Beginning at the line containing "Coronavirus Situation in", output every line to the end of the data below exactly as it appears.

** INPUT RECORDS follows **

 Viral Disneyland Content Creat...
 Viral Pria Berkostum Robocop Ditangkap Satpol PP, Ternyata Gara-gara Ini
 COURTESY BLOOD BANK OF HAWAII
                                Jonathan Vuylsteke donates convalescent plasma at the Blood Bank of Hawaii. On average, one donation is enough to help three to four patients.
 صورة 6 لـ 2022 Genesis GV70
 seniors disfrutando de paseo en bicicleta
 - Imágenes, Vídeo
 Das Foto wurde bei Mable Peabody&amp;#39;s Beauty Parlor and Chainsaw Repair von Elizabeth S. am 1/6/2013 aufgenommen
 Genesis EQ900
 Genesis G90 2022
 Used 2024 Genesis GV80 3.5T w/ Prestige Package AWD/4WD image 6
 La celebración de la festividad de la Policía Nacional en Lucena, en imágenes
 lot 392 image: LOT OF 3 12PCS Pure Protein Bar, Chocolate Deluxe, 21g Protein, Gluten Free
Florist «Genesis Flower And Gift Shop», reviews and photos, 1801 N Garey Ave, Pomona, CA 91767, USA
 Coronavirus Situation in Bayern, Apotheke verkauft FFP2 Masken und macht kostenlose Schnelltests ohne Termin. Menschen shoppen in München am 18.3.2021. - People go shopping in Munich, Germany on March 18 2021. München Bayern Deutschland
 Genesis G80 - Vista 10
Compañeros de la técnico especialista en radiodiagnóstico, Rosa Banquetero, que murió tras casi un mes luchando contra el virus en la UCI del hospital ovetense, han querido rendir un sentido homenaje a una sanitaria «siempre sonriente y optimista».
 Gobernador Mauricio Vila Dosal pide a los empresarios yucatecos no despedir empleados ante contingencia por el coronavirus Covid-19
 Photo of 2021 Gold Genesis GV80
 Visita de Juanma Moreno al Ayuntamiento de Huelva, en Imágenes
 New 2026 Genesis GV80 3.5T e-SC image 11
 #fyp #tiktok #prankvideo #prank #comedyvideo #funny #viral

** End of INPUT RECORDS **

**SOLUTION**.
 Coronavirus Situation in Bayern, Apotheke verkauft FFP2 Masken und macht kostenlose Schnelltests ohne Termin. Menschen shoppen in München am 18.3.2021. - People go shopping in Munich, Germany on March 18 2021. München Bayern Deutschland
 Genesis G80 - Vista 10
Compañeros de la técnico especialista en radiodiagnóstico, Rosa Banquetero, que murió tras casi un mes luchando contra el virus en la UCI del hospital ovetense, han querido rendir un sentido homenaje a una sanitaria «siempre sonriente y optimista».
 Gobernador Mauricio Vila Dosal pide a los empresarios yucatecos no despedir empleados ante contingencia por el coronavirus Covid-19
 Photo of 2021 Gold Genesis GV80
 Visita de Juanma Moreno al Ayuntamiento de Huelva, en Imágenes
 New 2026 Genesis GV80 3.5T e-SC image 11
 #fyp #tiktok #prankvideo #prank #comedyvideo #funny #viral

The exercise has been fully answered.